TASK INSTRUCTIONS:
This exercise calls for copying every line below that holds the word "Shirt".

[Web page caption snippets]
──────

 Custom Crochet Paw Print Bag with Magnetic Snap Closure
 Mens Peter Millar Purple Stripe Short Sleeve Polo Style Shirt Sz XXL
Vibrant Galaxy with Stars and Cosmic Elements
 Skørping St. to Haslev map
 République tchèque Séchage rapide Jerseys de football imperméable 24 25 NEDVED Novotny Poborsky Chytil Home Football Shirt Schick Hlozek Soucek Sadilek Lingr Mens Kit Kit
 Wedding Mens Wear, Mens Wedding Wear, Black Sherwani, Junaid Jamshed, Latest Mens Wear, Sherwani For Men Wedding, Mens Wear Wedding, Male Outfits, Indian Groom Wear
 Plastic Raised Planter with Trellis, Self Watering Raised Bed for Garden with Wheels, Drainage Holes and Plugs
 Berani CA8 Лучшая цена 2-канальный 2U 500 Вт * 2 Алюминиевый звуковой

──────

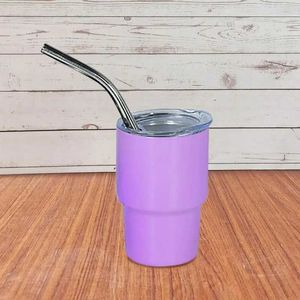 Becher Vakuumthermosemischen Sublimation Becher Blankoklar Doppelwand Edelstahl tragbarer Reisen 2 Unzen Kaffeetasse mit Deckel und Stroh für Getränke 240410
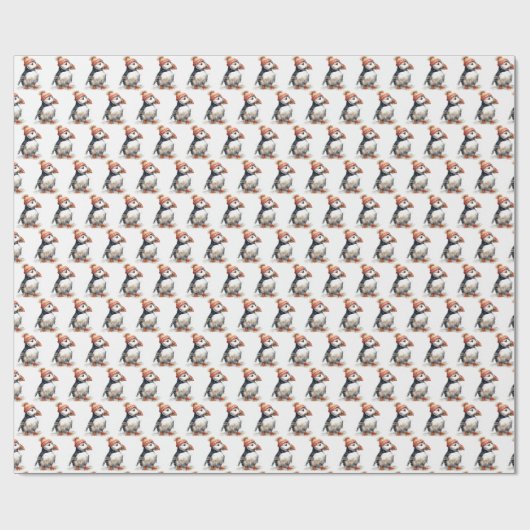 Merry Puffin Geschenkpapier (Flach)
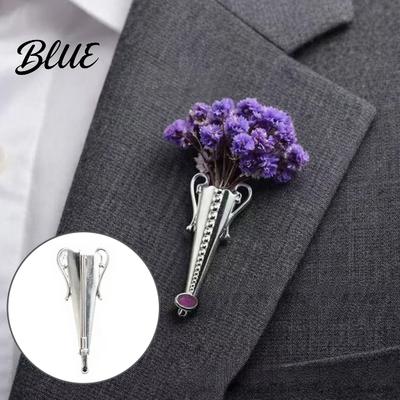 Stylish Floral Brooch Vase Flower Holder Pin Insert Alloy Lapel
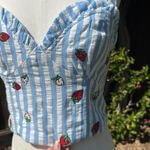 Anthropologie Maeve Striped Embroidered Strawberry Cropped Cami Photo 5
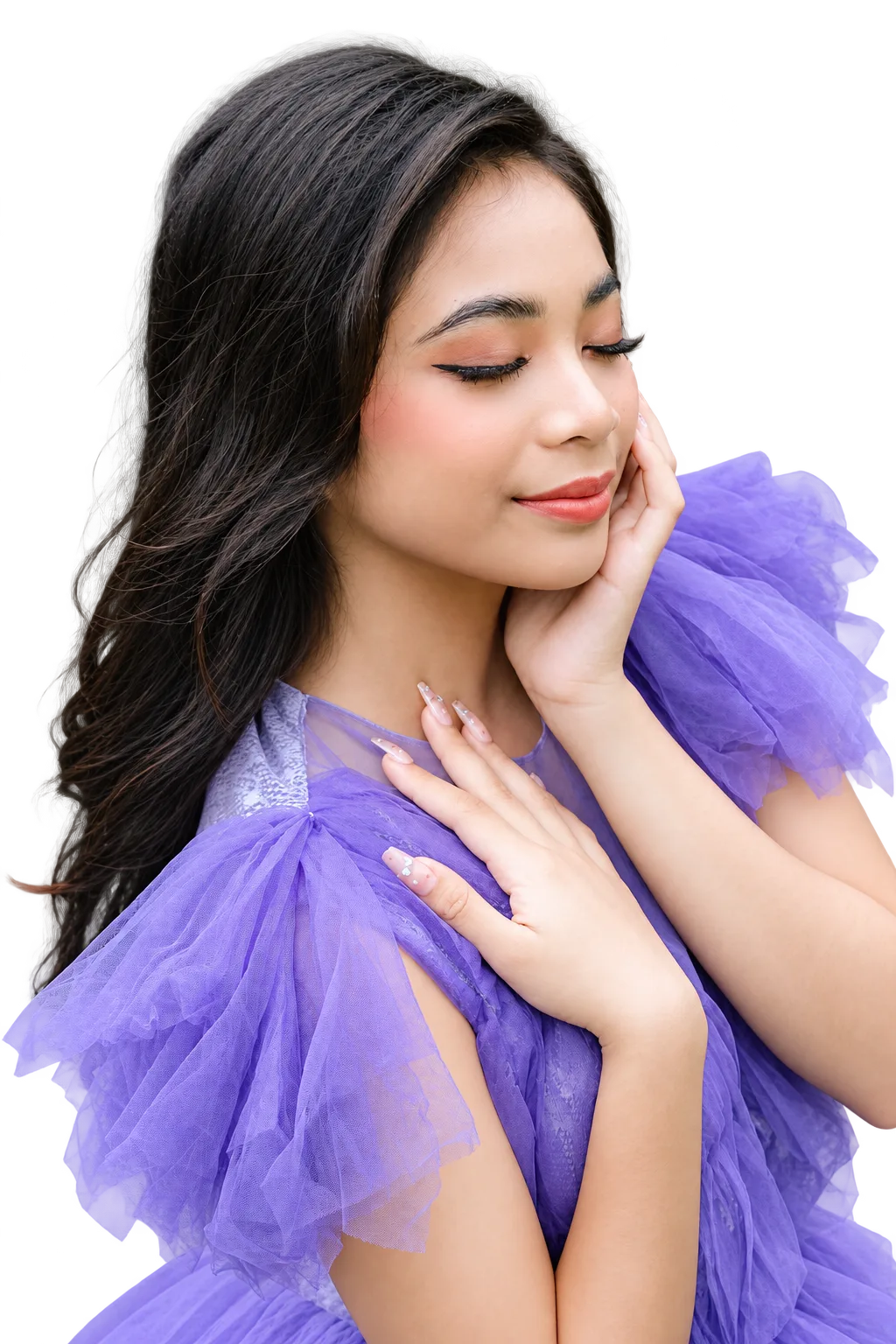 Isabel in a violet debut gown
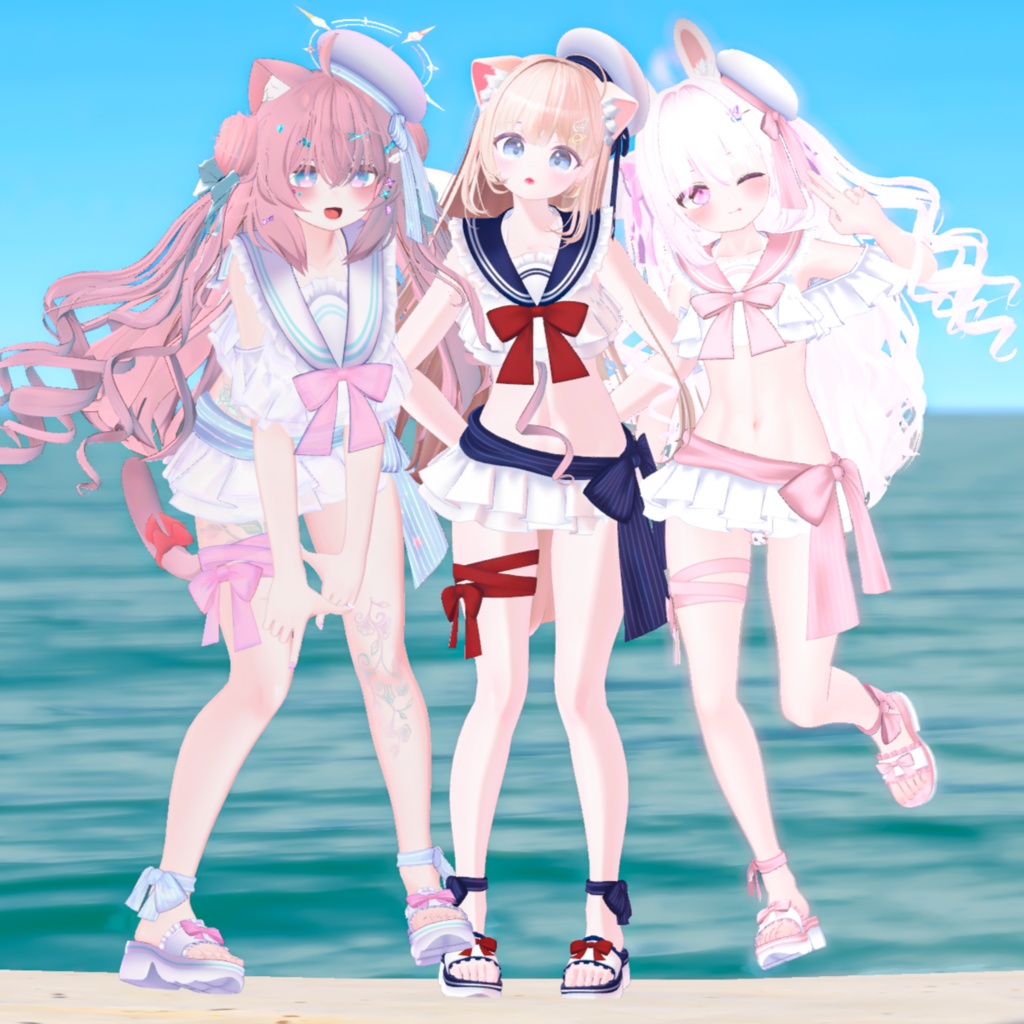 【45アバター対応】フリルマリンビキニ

──────

EXPECTED ANSWER:
 Mens Peter Millar Purple Stripe Short Sleeve Polo Style Shirt Sz XXL
 République tchèque Séchage rapide Jerseys de football imperméable 24 25 NEDVED Novotny Poborsky Chytil Home Football Shirt Schick Hlozek Soucek Sadilek Lingr Mens Kit Kit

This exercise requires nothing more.